Functions include document parsing to extract hyperlinks from single or multiple documents, and document search methods to find single or multiple terms within one or more documents, returning an object with the terms within the sentence, paragraph, and document, giving the index within the paragraph for each. Advanced search functions allow for searching multiple terms and giving a match rating for each paragraphs that contains these (the higher the rating, the better the match over all given terms).
Example – DocAnalysis Usage
// *** Document parser example code for loading a document and parsing it for links ***
// Create an instance or IDocParser (relevant parser implementation is returned for the file type specified) with document loaded.
var docParser = DocParserFactory.CreateDocParserForFile(@"C\SomePath\SomeDocument.docx")
// Alternatively create instance of IDocParser directly and load the file
var _wordDocParser = new WordDocParser();
var fileLoaded = _wordDocParser.LoadFile(@"C\SomePath\SomeDocument.docx");
// Parse the document for links.
var docLinks = _wordDocParser.GetDocLinks();
// Alternatively get document links async and hook event for results (good for large files).
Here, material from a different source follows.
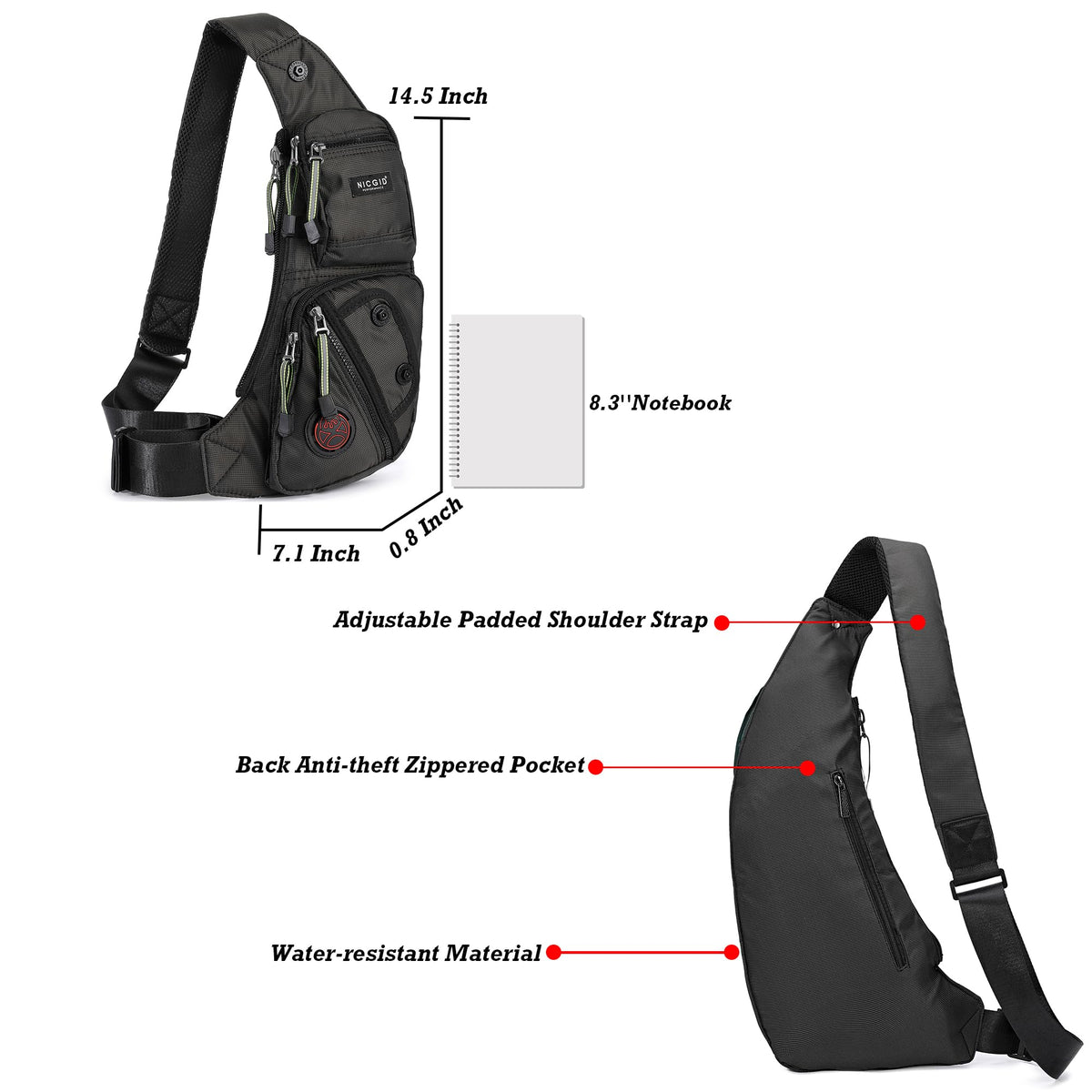 NICGID Sling Bag Chest Shoulder Backpack Crossbody Bags Casual Daypack for Men Women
_wordDocParser.LinksObtainedAsync += (o, e) =>
{
var links = e.Links;
};
_ = _wordDocParser.GetDocLinksAsync();
// Obtain additional info on the links, such as whether they are reachable and link metadata.
var linkInfos = await LinkUtils.GetLinksInfoAsync(docLinks);
// *** Document searcher example code for searching one or more documents for key terms ***
// Create instance of IDocSearcher for files specified (can also be streams or binary objects).
var searcher = new DocSearcher([@"C\SomePath\SomeDocument.docx", @"C\SomePath\SomeDocument2.docx"]);
// Wait for initialisation (or hook initialised event).
while (!searcher.IsInitialised)
{
await Task.Delay(10);
}
// Get ISearchResults, which contains search results showing matched terms within paragraph, sentence,
// and position (start index) in paragraph.
var searchResults = await searcher.Search("this document");
// Alternatively an advanced search can be performed to look for multiple terms. This will return the
// ISearchResults along with match accuracy and rating per paragraph (the higher the rating, the closer
// the match or more matched terms within the block).
var advSearchResults = await searcher.AdvancedSearch(["this", "document"]);